Filling The Donut Pan
Transfer the batter to a piping bag or a zip-top bag with one corner snipped off – about a 1/2 inch opening is right. Pipe the batter evenly into each donut cavity, filling each one about 2/3 full. The donuts puff up during baking and you don’t want them overflowing the pan.
If you don’t have a piping bag, a spoon works too – just take your time and try to get the batter distributed as evenly as possible around the ring of each cavity. Smooth the tops lightly with the back of a spoon or a wet fingertip.
Baking The Donuts
Bake at 350 degrees F for 12 to 16 minutes. Start checking at the 12-minute mark by inserting a toothpick or thin skewer into the thickest part of one donut. If it comes out clean with no wet batter clinging to it, they’re done. The tops should look set and slightly golden at the edges – the tops may not look as browned as a traditional donut because almond flour browns more slowly than all-purpose flour.
Let the donuts cool in the pan for 10 minutes before trying to remove them. They’re fragile when very hot and will tear if you try to remove them too early. After 10 minutes, run a butter knife gently around the edge of each donut and ease them out onto a wire cooling rack. Let them cool for at least another 10 minutes before glazing.
Making The Cream Cheese Glaze
While the donuts bake and cool, make the glaze. In a medium bowl, beat the room temperature cream cheese and softened butter together with a hand mixer on medium speed until completely smooth, about 1 minute. Add the powdered sweetener and vanilla extract and beat again until the glaze is silky, smooth, and slightly fluffy.
The glaze should be thick enough to coat the top of each donut without dripping off immediately but soft enough to spread easily. If it’s too thick, add a teaspoon of milk or water and mix again. If it’s too thin, add a little more powdered sweetener.
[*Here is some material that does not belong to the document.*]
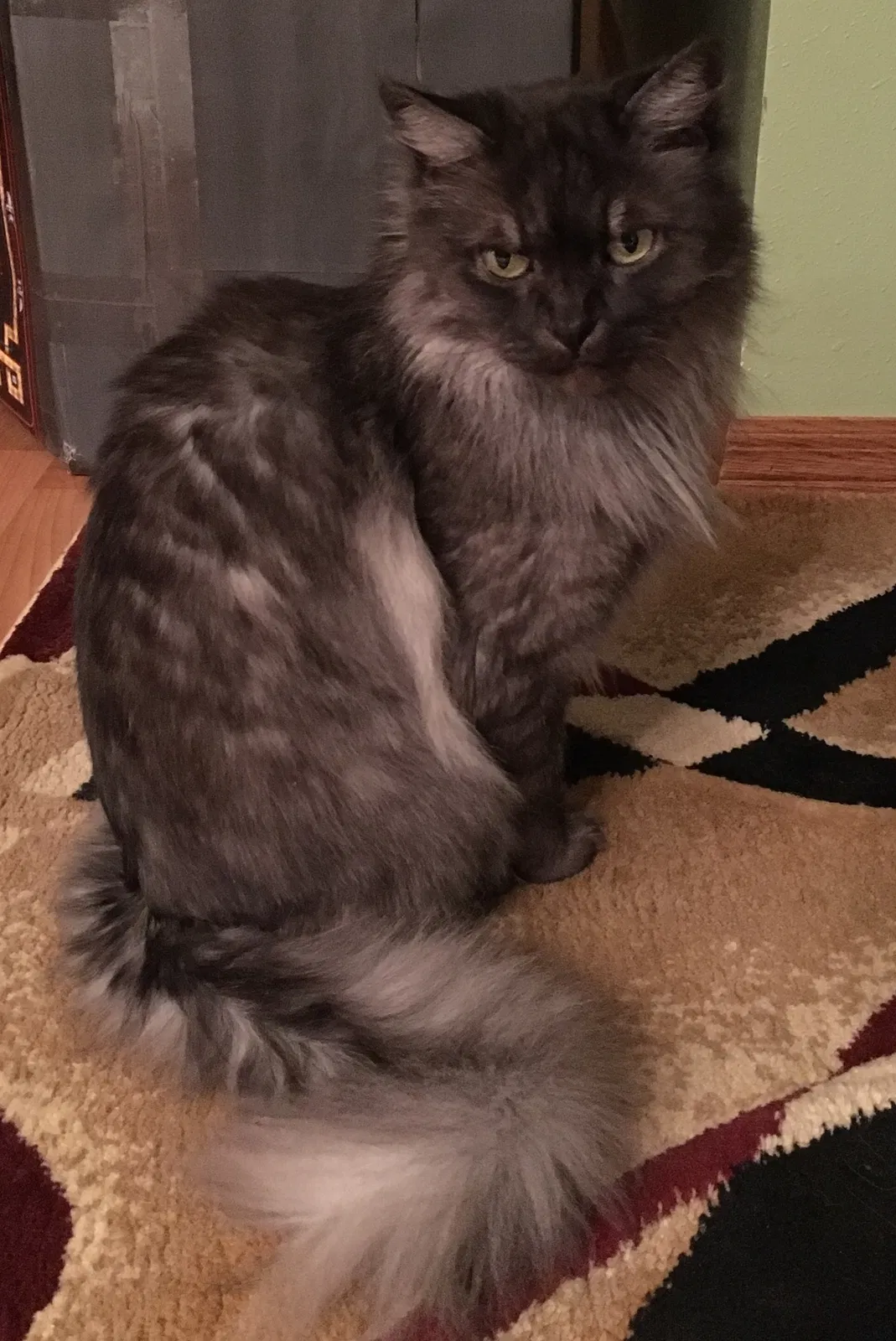 Lost cat in Bemidji, MN, 56601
Spoon or spread the glaze over the tops of the cooled donuts and immediately top with sprinkles or any other decorations before the glaze sets.
Callie’s Kitchen Note: The first time I made these I added the glaze while the donuts were still warm because I was in a hurry and honestly just wanted to eat one. The warm donut melted the glaze immediately and it ran straight down the sides and pooled on the cooling rack in a sticky puddle. The glaze needs the donut to be completely cool – at room temperature, not just slightly warm – to stay put on the top. Now I make the glaze while the donuts are baking and keep it in the bowl at room temperature until the donuts have had a full 20 minutes to cool. Perfect every single time.
Common Mistakes To Avoid
These donuts are quick and forgiving but a few things consistently trip people up on the first attempt.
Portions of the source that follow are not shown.